→ EXERCISE PROMPT
Copy, word for word, the lines below from the one containing "Volkswagen Arteon 2.0 TDI Premium - фото 0" up to and including the one containing "CV8840 400 que", with pictures left out.

→ DATA FOR PROCESSING
----
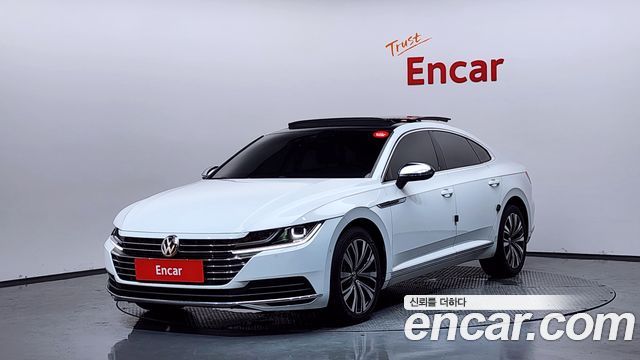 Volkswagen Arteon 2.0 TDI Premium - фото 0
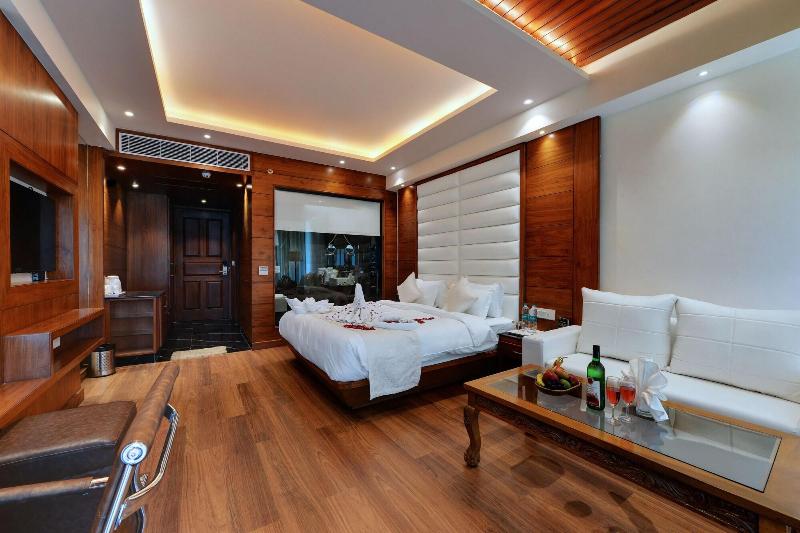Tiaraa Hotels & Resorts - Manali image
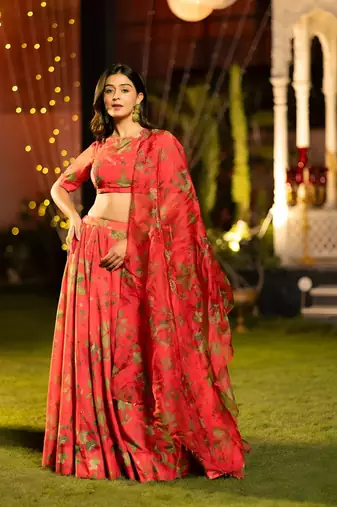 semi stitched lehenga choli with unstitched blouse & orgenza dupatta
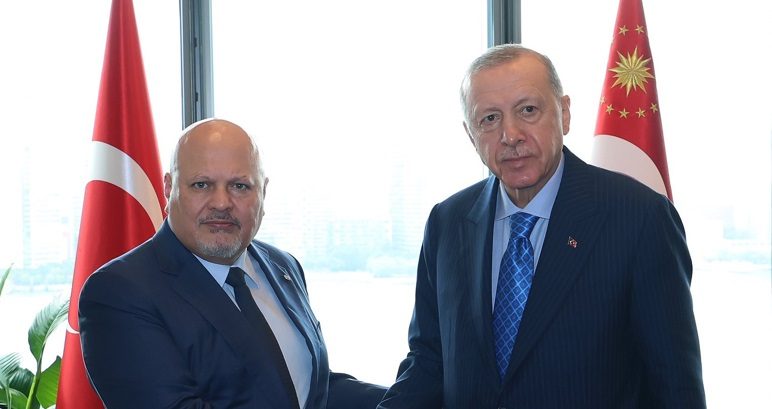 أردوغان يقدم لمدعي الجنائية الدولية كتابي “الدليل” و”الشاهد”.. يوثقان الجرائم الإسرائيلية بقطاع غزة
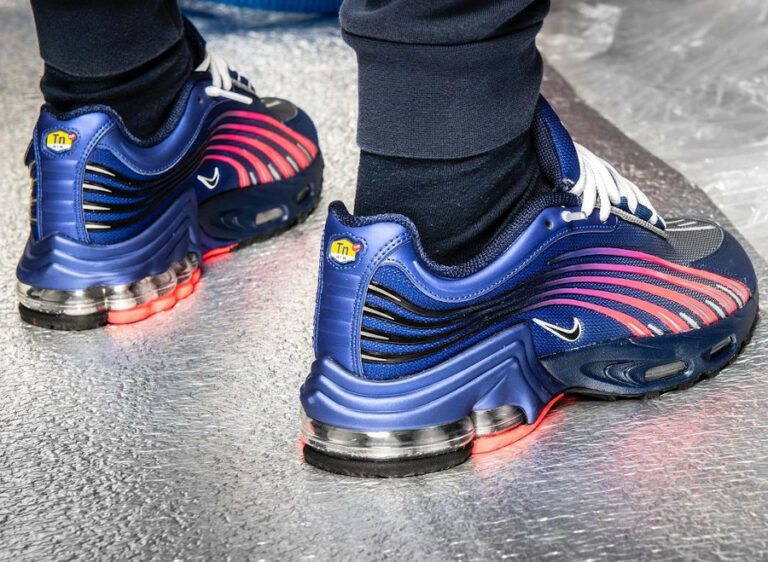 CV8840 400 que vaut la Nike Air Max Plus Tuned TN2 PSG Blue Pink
----
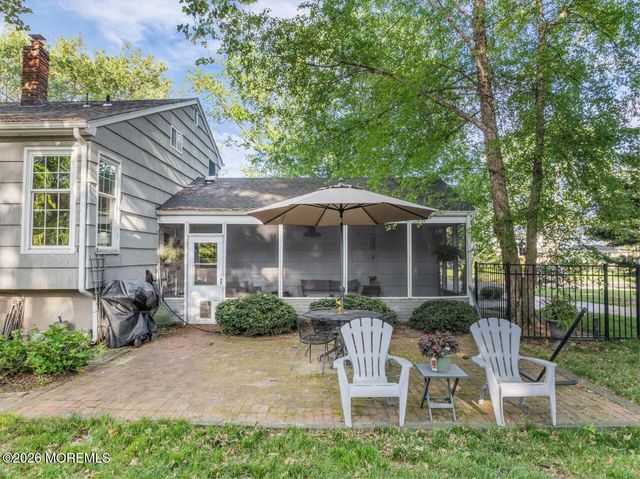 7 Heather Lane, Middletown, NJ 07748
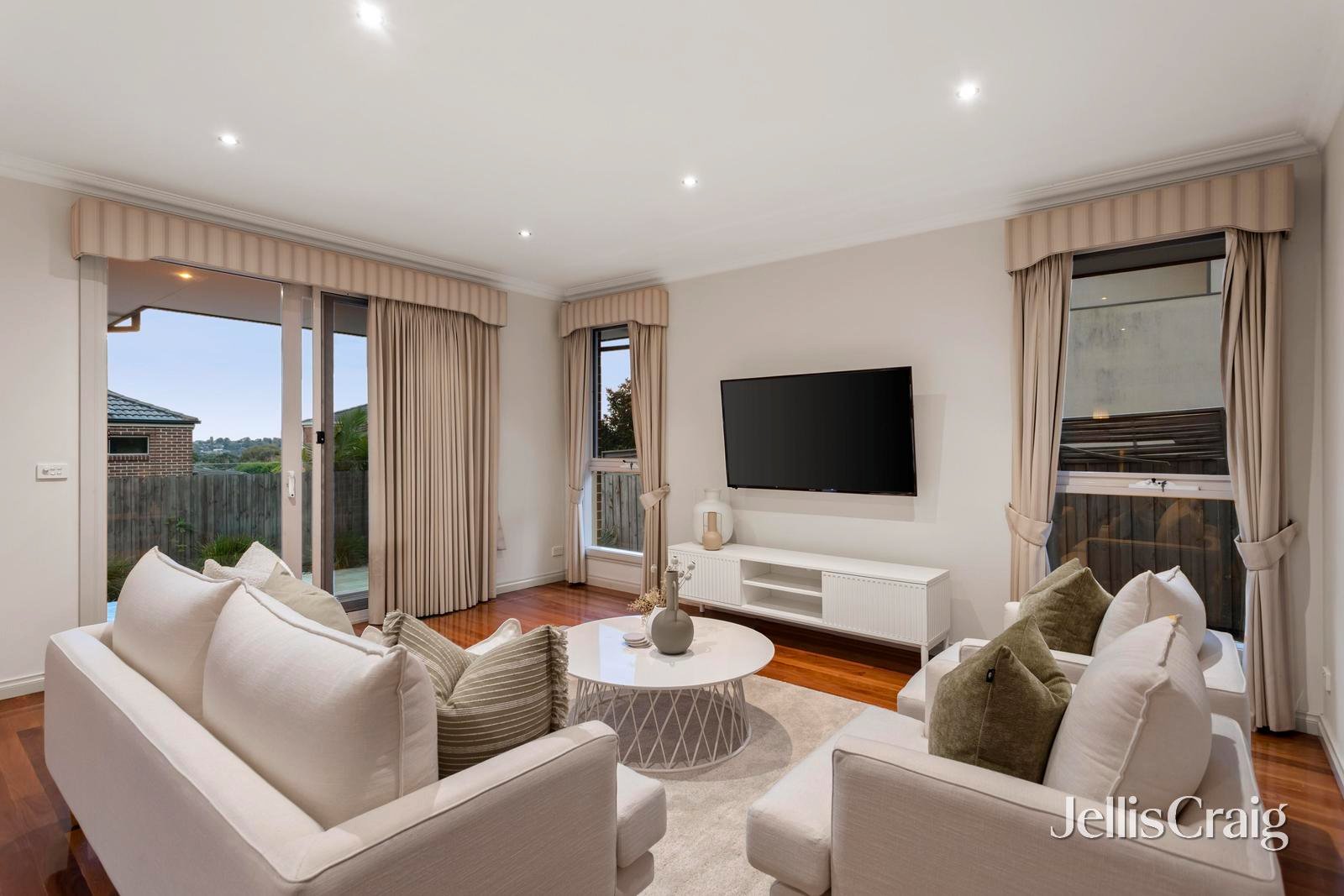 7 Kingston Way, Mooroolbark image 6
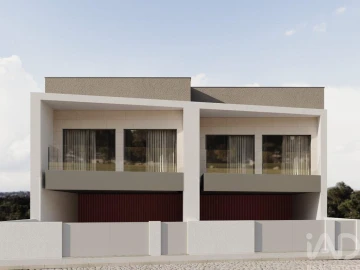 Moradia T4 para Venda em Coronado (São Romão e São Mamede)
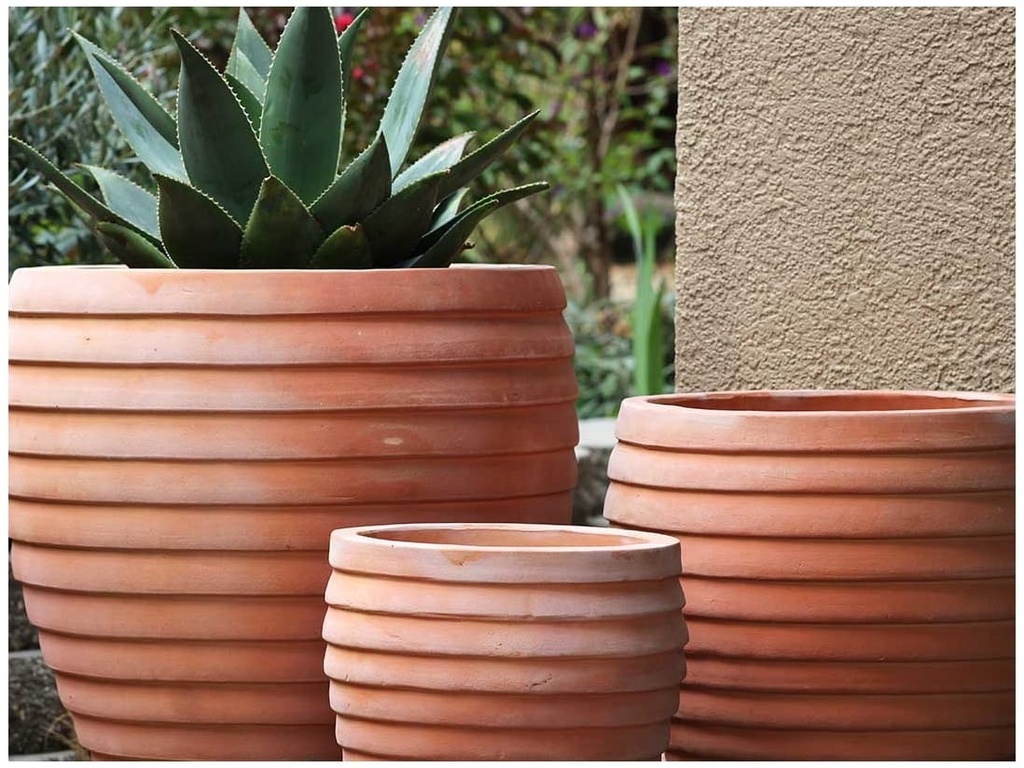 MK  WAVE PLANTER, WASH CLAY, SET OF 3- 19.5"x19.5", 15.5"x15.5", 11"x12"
----
→ TASK ANSWER
 Volkswagen Arteon 2.0 TDI Premium - фото 0
Tiaraa Hotels & Resorts - Manali image
 semi stitched lehenga choli with unstitched blouse & orgenza dupatta
 أردوغان يقدم لمدعي الجنائية الدولية كتابي “الدليل” و”الشاهد”.. يوثقان الجرائم الإسرائيلية بقطاع غزة
 CV8840 400 que vaut la Nike Air Max Plus Tuned TN2 PSG Blue Pink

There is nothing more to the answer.